Situato vicino a Nîmes, il villaggio di Clarensac vanta un ricco patrimonio storico. Anticamente conosciuto come "Clarentiacum" nel 1027 e "Clarensiago" nel 1104, Clarensac è sopravvissuto ai secoli con molte tracce del suo passato.

La storia

Clarensac compare per la prima volta nei documenti ufficiali come "Clarentiacum" nell'843, quando Dalila, governatore della Settimania, offrì un terreno all'abbazia di Salmodio. Nel corso dei secoli, il villaggio passò sotto il dominio dei conti di Tolosa, poi dei conti di Nîmes e di vari signori locali.

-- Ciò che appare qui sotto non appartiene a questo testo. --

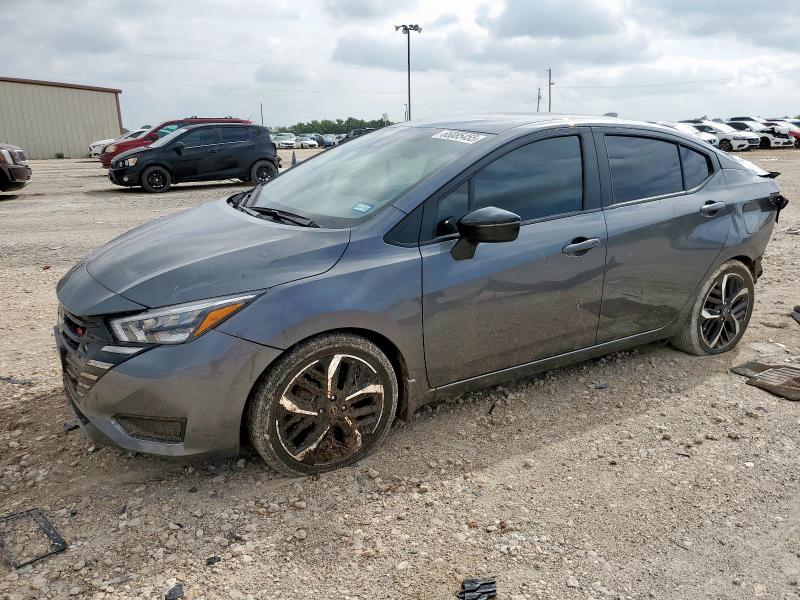 NISSAN VERSA SR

Un tempo Clarensac aveva tre chiese: Saint-André, Saint-Etienne-d'Alvernes e Saint-Romans. Il villaggio era fortificato con diverse torri e un castello. Le antiche porte del villaggio sono visibili ancora oggi.

Nel XIV secolo, Clarensac fu risparmiata dalla Guerra dei Cento Anni, ma subì i saccheggi e la peste nera. Le guerre di religione del XVI secolo videro scontri feroci tra protestanti e cattolici. Il villaggio fu invaso nel 1628, con molte vittime.

Durante la Rivoluzione francese, Clarensac aveva una propria milizia comunale. Il XIX secolo vide la costruzione di una chiesa nel 1830 e la crescita della comunità agricola. La cantina cooperativa fu costruita nel 1925, seguita dalle cooperative di produttori di Chasselas nel 1937.